Voilà ce que raconte Honoré Chéniot, dit Honoré Grandbois, dans le roman qu’il a confié à sa fille. Inès profite des derniers moments du vol vers Pointe-à-Pitre pour deviser avec le passager voisin qui s’intéresse à sa thèse portant sur l’œuvre d’Aimé Césaire et de Gaston Miron. Cela dit, la romancière met les mots de Miron dans la bouche de grand-mère Théolia qui n’est pas l’analphabète que l’on pense, Inès lui ayant appris à lire en même temps qu’elle, même si Olia préférait qu’on lui fasse lecture de poésie.

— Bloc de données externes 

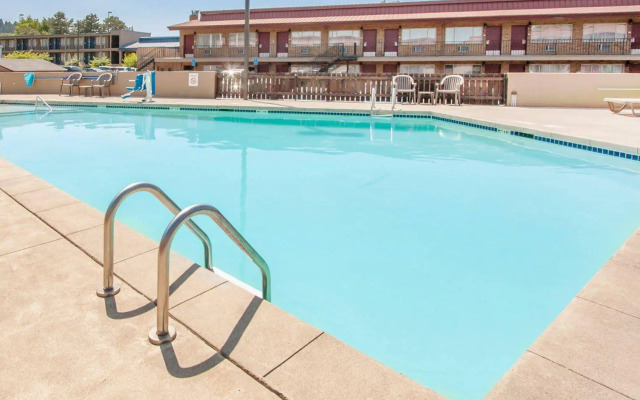 Rodeway Inn Portland Airport Hotel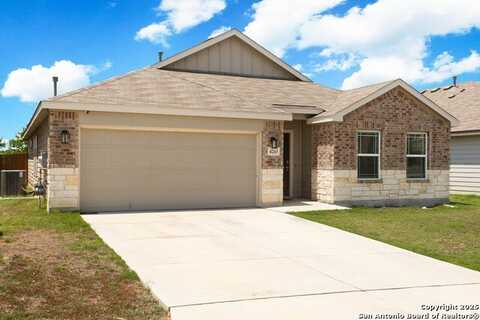 4243 W Vasquez Cir, Converse, TX 78109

Ofilao est à la fois un roman de l’intime et de l’universel, la relation entre les parents et les enfants, même devenus adultes, n’étant pas toujours simples. Si on y ajoute la situation des enfants du divorce qu’une grande distance sépare les parents comme ceux d’Inès, et dont une grand-mère répare les erreurs. L’intime intervient alors et Geneviève Rochette y joint un peu d’elle-même, sur fond de poésies caribéennes et québécoises, en réunissant des personnages autour de l’image forte d’une grand-mère dont l’âme sera perpétuellement vivante en chacun d’eux. Une histoire à laquelle on veut nous aussi croire pour son humanisme et l’art de l’écrivaine de donner du mouvement et mille sensations à son récit.